EMPOWERING COMMUNITIES TO DELVIER SERVICES: WHAT ABOUT THE RED TAPE?

Over the past few decades a succession of governments in the UK have repeatedly spoken of the need to decentralise services and put them in the hands of voluntary groups and local communities in order to “empower people”; the latest manifestation of this being David Cameron’s “Big Society” pledge.

Yet, apart from considerations over where the funding from this is going to come from when those same voluntary and community based organisations are facing serious cuts from public sector funders, the fact remains that anyone trying to get a new initiative off the ground in Britain is hamstrung by regulation, planning controls, financial controls, laws and a thousand other obstacles that must be overcome/adhered to/met before any activity can begin. What this ensures is that only established organisations with access to good infrastructure and resources, the very wealthy or those fortunate enough to come into a sudden windfall, such as a substantial Lottery win, can establish anything new.

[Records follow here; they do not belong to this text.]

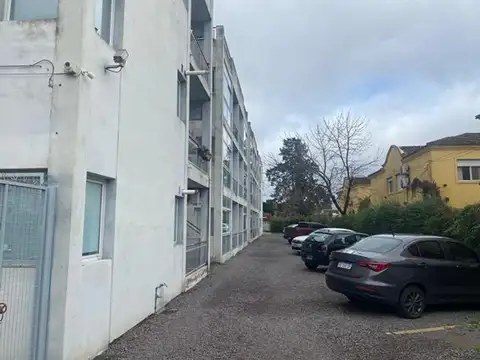 DEPARTAMENTO AMPLIO,LUMINOSO,2 AMBIENTES,COCHERA. PILAR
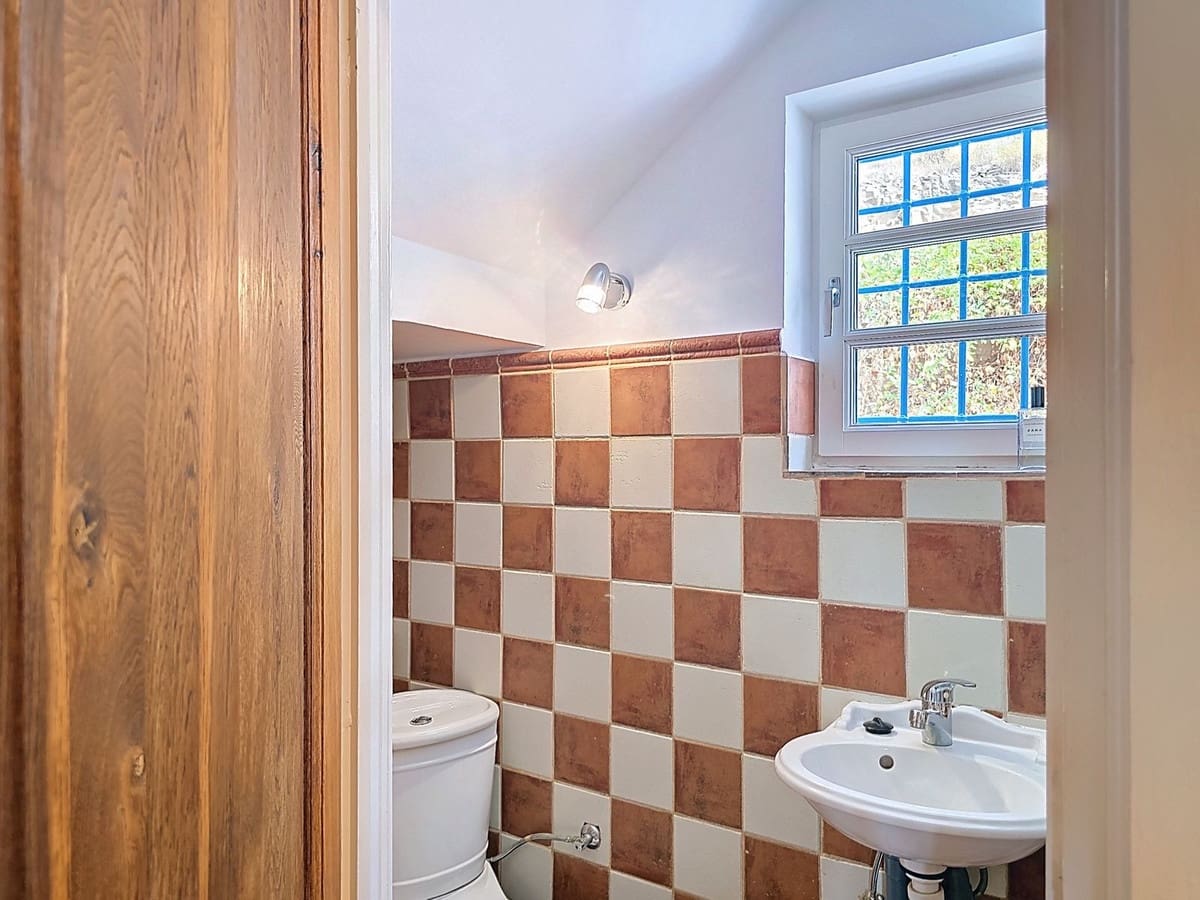 3 makuuhuone Huvila myytävänä paikassa Sayalonga mukana uima-altaan 
autotalli - 845 000 € (Ref: 9254407)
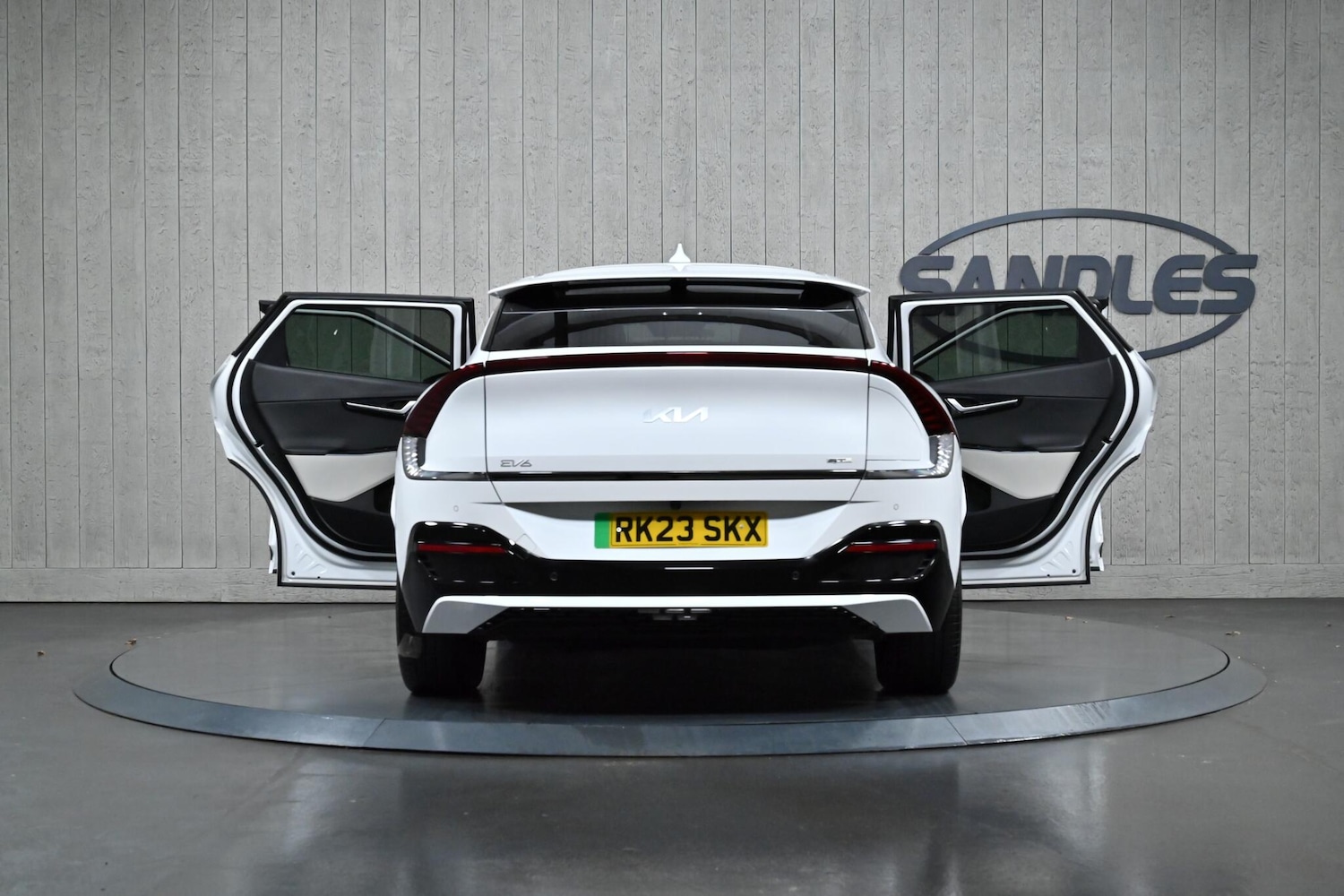 Used Kia EV6 2023 for sale - 76620325: Photo 13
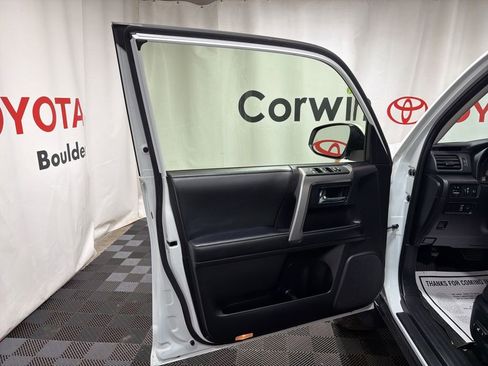 Used 2024 Toyota 4Runner SR5 Premium w/ Moonroof Package AWD/4WD image 21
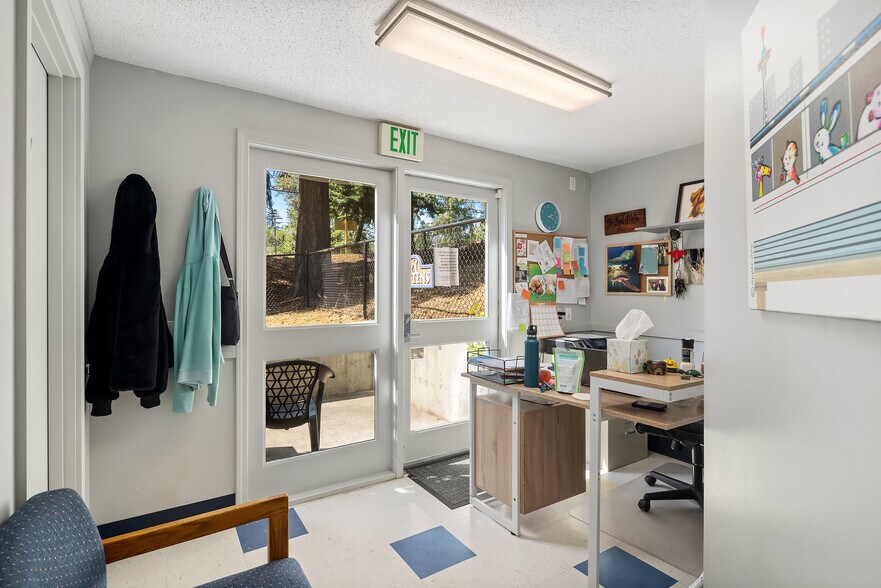 More Photos Of 9822 SW Gorsuch Rd, Vashon Flex For Sale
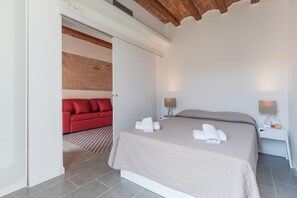 2 dormitoris, caixa forta a l'habitació i planxa i posts de planxar 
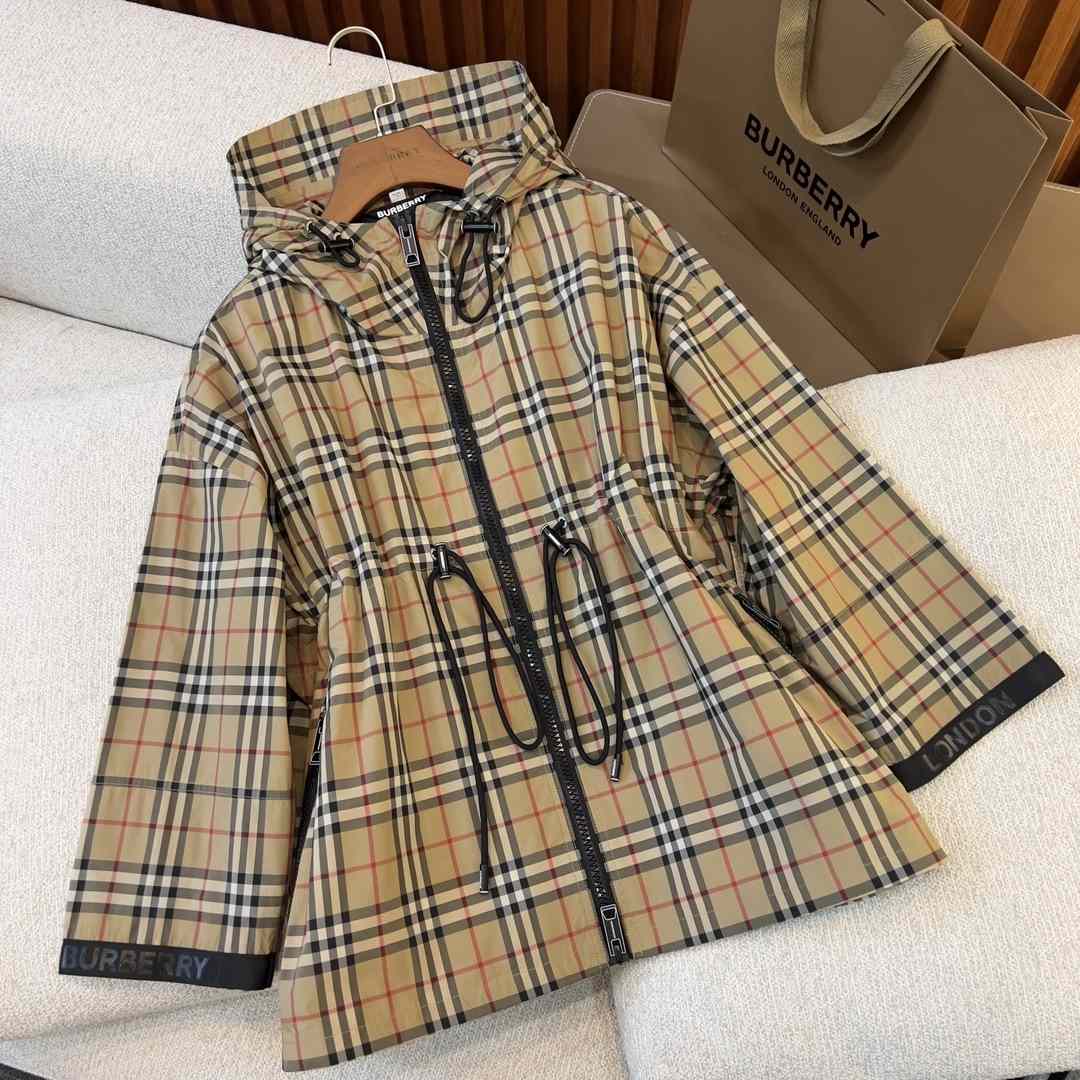 Burberry Logo Tape Vintage Check Hooded Jacket - FashionPlug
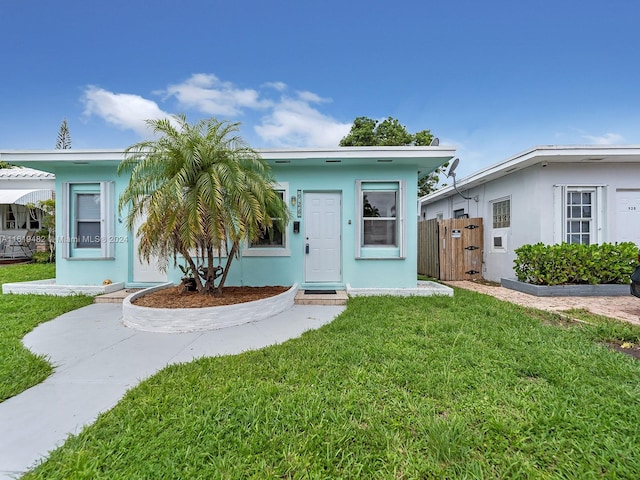 view of front of house with a front yard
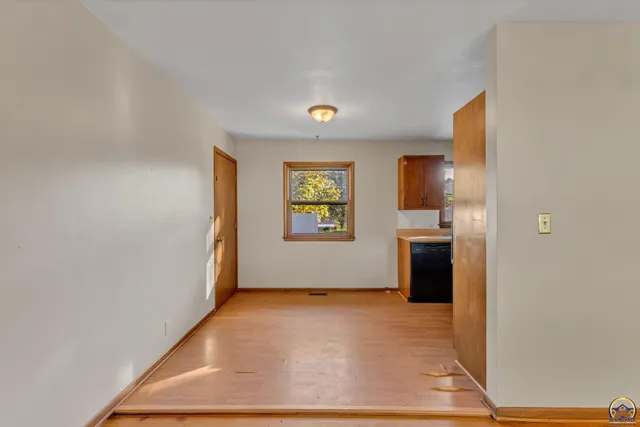 $185,000 | 3231 Southwest 30th Terrace, Topeka, KS 66614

To be sure each individual part of these regulations, controls and laws can possibly be justified, as a need to protect or insure against some potentially invidious occurrence. But cumulatively it stifles innovation and creativity, inhibits risk-taking and cuts across if not blatantly contradicts common-sense. This is a potent brew that can severely constrain the development of organisations and restricts them to ensuring adherence to and compliance with regulation and legislation as a ceaseless process at the expense of other developments. This does not mean that there is a trade-off between regulation and community based innovations and initiatives. What is difficult if not impossible to achieve is to simultaneously attempt to maximise regulation and minimise risk as well as enhance community and voluntary initiatives involving innovation and risk taking. To do so is to pursue two contradictory, if not mutually exclusive goals

For instance, anyone wanting to start up a new community based initiative or charity in the UK has to go through the following milestones:

Establish governance and risk minimisation procedures,

Ensure you are in compliance with employment, equalities and diversities laws and regulations and you have proper human resources policies, procedures and protocols in place before you are ready to start recruiting staff or volunteers

Be subject to numerous compliance and monitoring regimes from different funders

Be prepared to be inspected regularly if you are providing services to ensure maintenance of quality standards.

And that’s just a sample.  For most small-scale organisations and community groups the present burden of regulations, laws and procedures are a huge obstacle course to anyone but large nationally based charities or private sector businesses running anything beyond a corner pub or local shop.

If the government is to be real about encouraging local innovation and the voluntary sector then it has to look at the balance between regulation, proper accountability and the need to empower local people to run services with the minimum of bureaucracy. At the moment it is trying to do both and the result is a guddle. What you may end up with is centralised local authority or other statutory services, being replaced with either large voluntary organisations or private sector companies running services to lower quality and service specification levels. The outcome will be the same: little or no genuine involvement of local people.